A series to understand the Palestinian-Israeli conflict (from an Israeli point of view)

“We are at war and we will win it,” declared Benjamin Netanyahu, the prime minister of Israel, this past Saturday.

Oliver Thansan
Oliver Thansan
10 October 2023 Tuesday 17:23
19 Reads
A series to understand the Palestinian-Israeli conflict (from an Israeli point of view)

“We are at war and we will win it,” declared Benjamin Netanyahu, the prime minister of Israel, this past Saturday. It was his response to the attack by the terrorist organization Hamas, which had entered Israeli soil to carry out a massacre with around 300 dead and hundreds injured. And citizens, at least those far removed from the conflict that dates back to the creation of the State of Israel after the Second World War, are looking for a way to understand this Palestinian-Israeli reality. As? Going to the series Fauda on Netflix.

The starting point is directly linked to Hamas. Doron (Lior Raz) retires from the special forces after killing Taufiq Hammed (Hisham Sulliman), also known as the Panther. He now he has a vineyard. But, when the intelligence services receive information indicating that Hammed is alive and will attend his brother Bashir's wedding, he decides to return to the field. This means sneaking into the marriage and, whether you like it or not, returning to the spiral of violence, that “chaos” referred to in the title of the series.

The series received good reviews since its premiere in 2015 for offering a thriller with action, intelligence and both a human and political vision of the conflict to those interested in geopolitics and the reality of Israel.

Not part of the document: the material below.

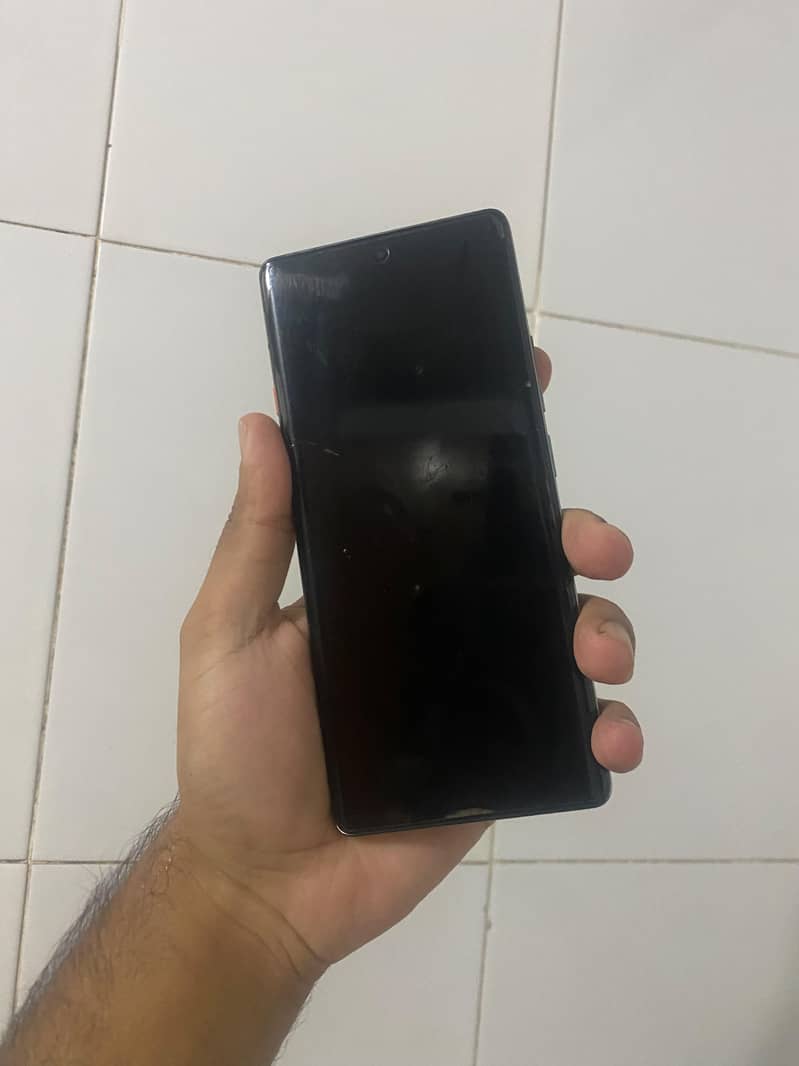 Tecno CAMON 40 Pro 1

In addition to having dialogues in both Arabic and Hebrew, the scripts by Lior Raz and Avi Issacharoff allowed the members of Hamas and their close circles to be understood, despite the fact that they themselves were inspired by their experience in the Duvdevan Unit of the Israel Defense Forces.

It also has to do with the perspective of Issacharoff, a critic of Netanyahu's management of the conflict and a journalist by profession before signing the Fauda episodes. In 2002 he won the award for best reporter for his work covering the Second Intifada, the wave of violence that began after the visit of Israeli opposition leader Ariel Sharon to the Al-Aqsa mosque with the permission of the Israeli security chief. in the West Bank.

Fauda has so far broadcast four seasons (2015, 2018, 2020 and 2022) and has a fifth planned on the way, and in this time it has shown the losses suffered by both those who attack Israel as a measure of denunciation of the occupation of its territory. as well as by those who defend a State that carries out apartheid against the Palestinian population.

Although some defend fiction as an objective vision of the conflict and of the figures who, from the ground, mark the path and suffer its consequences, there are also those who accuse Fauda of being, after all, the vision of one of the parties, even though Issacharoff has been critical of Netanyahu's actions. It is still his reality.

You just have to see that Lior Raz, protagonist and co-creator, this week uploaded videos on social networks about his direct involvement in the events of these days, joining a team of volunteers to help two families in the bombed city of Sderot.

Before, on his networks, he had shared a statement: “Our country has been attacked by a cruel enemy who has killed children, women and men in cold blood in their beds. They have kidnapped babies, mothers and elderly people (...). We Israelis are once again in a difficult time. We know how to fight for our lives and we will never abandon a Jewish child. (...) We ask you: please remember this day later during the war. Remember who started the massacre. Hamas is an organization that wants to destroy the Jews and that does not want to talk about peace under any conditions.”